Material provided.
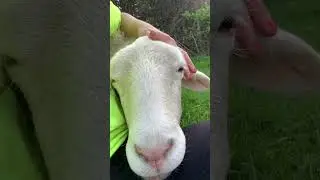 Rescued sheep is cuddling her favorite human!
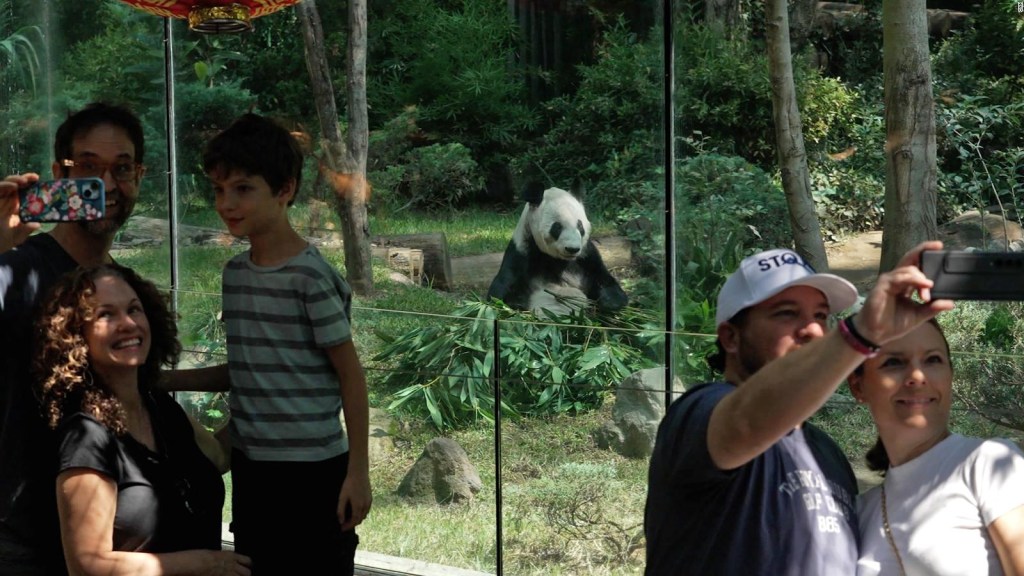 Mira la emotiva despedida a dos pandas que viajarán a China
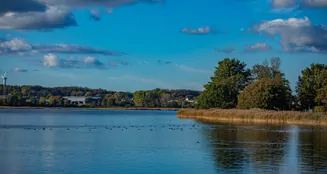 von_poll_real_estate_property_25173018_image_6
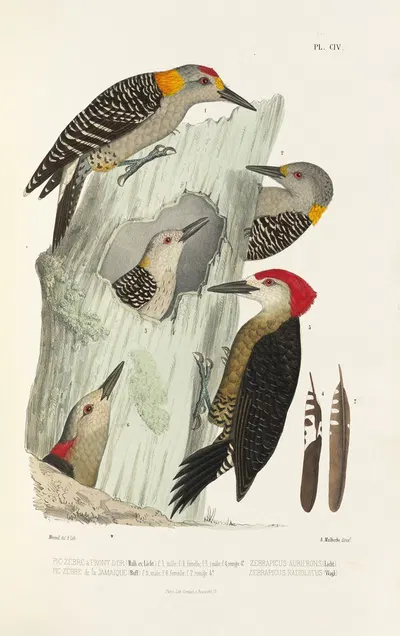 Monographie des picidées pl33 by Alfred Malherbe, 1861-1862 — digital art print download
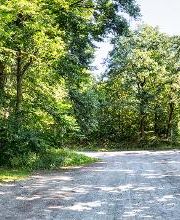 FriedWald Hasbruch Bild 18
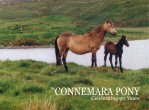 The Connemara Pony 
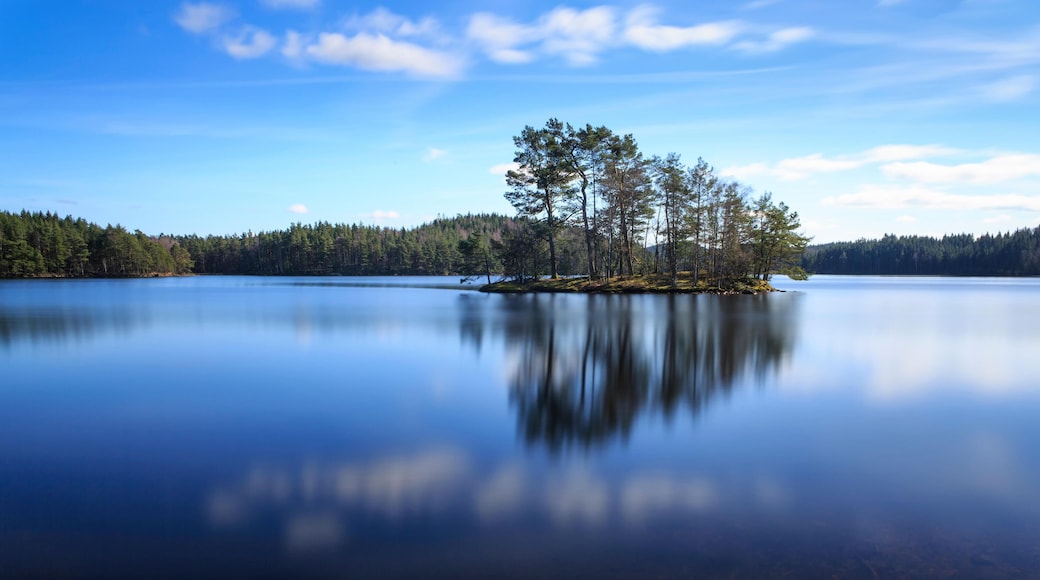 Beautiful fresh tranquil spring landscape view of clean lake with trees and clouds reflecting in water. Lake Torskabotten, Tollered, Sweden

Task directions.
All the records need to be printed again exactly as written, though without their pictures.

Task result.
 Rescued sheep is cuddling her favorite human!
 Mira la emotiva despedida a dos pandas que viajarán a China
 von_poll_real_estate_property_25173018_image_6
 Monographie des picidées pl33 by Alfred Malherbe, 1861-1862 — digital art print download
 FriedWald Hasbruch Bild 18
 The Connemara Pony 
 Beautiful fresh tranquil spring landscape view of clean lake with trees and clouds reflecting in water. Lake Torskabotten, Tollered, Sweden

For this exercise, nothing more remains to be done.